Pigs in Pink Aprons

Little pig indeed

Little pig indeed

I had all kinds of really good intentions today to get a lot done and not rush my way through a blog at the end of the day like I usually do. That was my grand plan. But then something unfortunate occurred. My nearly teenage son reminded me this morning that he needs another costume item for his school play. And he needs it by tomorrow. You see, Joe is a pig in a fractured fairy tale, performance next week. Last Wednesday when we were both suffering from colds and should have been home in bed resting, we went on a grand excursion to the costume store thirty minutes away to spend $15 on a pink snout, ears, and a curly piggy tail for his costume. (We did not, however, make it make it to the market, have roast beef, or cry wee-wee-wee all the way home, in case you were wondering.) These items were such a hit with his drama teacher that she decided to reward me for my fine work by adding another costume item to really bring the cuteness home. A pink apron. Was she kidding me? This is not exactly an item a mother of two boys would have in a drawer or closet. Pink is verboten in this house, you know. Sometimes I think teachers just do shit like this to test me.

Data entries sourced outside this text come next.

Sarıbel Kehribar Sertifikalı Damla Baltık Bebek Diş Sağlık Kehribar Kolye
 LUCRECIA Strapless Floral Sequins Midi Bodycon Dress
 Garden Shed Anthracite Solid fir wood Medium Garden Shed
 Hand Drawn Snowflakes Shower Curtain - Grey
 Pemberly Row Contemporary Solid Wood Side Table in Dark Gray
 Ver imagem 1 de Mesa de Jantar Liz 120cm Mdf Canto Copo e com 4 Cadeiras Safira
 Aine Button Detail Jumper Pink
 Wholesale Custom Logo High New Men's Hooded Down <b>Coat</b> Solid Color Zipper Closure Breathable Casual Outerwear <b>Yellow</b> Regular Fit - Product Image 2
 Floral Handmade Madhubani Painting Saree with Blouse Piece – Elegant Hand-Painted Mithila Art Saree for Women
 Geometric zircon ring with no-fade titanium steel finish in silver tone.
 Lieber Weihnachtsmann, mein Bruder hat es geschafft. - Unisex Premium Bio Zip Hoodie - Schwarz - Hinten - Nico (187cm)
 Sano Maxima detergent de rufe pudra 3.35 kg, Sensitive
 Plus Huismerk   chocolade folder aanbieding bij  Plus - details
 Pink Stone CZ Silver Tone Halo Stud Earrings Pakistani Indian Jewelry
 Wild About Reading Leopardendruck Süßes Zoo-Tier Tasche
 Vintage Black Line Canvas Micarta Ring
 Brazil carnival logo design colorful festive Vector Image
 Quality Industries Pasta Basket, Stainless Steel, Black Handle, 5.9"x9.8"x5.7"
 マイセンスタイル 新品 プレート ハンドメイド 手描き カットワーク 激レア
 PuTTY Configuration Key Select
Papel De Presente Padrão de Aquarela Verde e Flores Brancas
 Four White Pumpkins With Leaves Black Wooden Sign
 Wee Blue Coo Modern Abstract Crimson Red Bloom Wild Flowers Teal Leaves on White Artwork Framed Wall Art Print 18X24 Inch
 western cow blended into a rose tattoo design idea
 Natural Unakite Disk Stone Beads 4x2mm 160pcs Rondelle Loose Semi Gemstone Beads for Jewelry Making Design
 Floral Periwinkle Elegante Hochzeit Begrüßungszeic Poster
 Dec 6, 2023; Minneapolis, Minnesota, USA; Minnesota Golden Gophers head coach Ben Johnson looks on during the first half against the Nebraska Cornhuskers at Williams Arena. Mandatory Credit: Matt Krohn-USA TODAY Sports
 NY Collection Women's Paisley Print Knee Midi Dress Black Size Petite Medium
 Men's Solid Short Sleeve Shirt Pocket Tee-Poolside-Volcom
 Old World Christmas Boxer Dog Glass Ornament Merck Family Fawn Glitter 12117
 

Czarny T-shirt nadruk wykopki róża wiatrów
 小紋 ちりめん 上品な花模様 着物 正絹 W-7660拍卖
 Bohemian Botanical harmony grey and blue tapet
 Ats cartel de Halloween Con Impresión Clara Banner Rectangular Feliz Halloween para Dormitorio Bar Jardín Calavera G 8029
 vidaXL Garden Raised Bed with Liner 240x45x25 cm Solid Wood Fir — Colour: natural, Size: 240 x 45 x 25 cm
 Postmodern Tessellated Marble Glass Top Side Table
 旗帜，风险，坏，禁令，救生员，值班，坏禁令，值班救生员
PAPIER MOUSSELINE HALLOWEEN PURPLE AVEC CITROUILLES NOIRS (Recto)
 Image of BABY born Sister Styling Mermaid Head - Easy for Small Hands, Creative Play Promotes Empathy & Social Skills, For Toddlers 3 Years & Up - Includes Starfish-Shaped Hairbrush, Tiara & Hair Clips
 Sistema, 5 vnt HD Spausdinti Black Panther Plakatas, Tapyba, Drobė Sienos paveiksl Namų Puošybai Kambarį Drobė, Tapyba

Despite my relative annoyance, I asked around. I could not locate a pink apron that would fit Joe. So today after getting in my workout (3860 stairs at Red Rocks), I began the grand search for a pink apron. My only stipulation was that it had to be under $10. I was not spending real money on a pink apron that I would never wear. Truth is that I already have a good apron that has been my tried-and-true buddy for 15 years, and I am faithful. I started out by going to a couple of discount stores. I got a little distracted in Gordman’s for about an hour (didn’t find an apron but I did find a 24-ounce sippy cup to hold my wine incognito at the pool this summer). Then I moved onto Ross. There I found a full pink apron covered in cupcakes but I thought Joe might balk at the frilly ruffles so I left it. From there I headed to Bed, Bath, and Beyond, but all their aprons were over $20 and I would have had to dye a white one pink. No thank you very much. I hit Party City. I was beginning to get a bit desperate. I found a full paper apron that was only $3.50 but it was white, which meant my son and I would have to spend our evening coloring it with pink markers. And, let’s face it. Joe would color for five minutes and then use the excuse he always uses when he’s trying to get out of something (“I have to poop”…you want to mess with that if you’re wrong about his faking it?) and I’d be coloring that dang thing alone. Nope. Not gonna do it. I finally gave up and ran to Target. While they didn’t have an apron, necessity became the mother of invention and I found a pink hand towel and pink, fabric ribbon totaling $8 and decided I would make my own pink apron because why not? Isn’t that what moms are for?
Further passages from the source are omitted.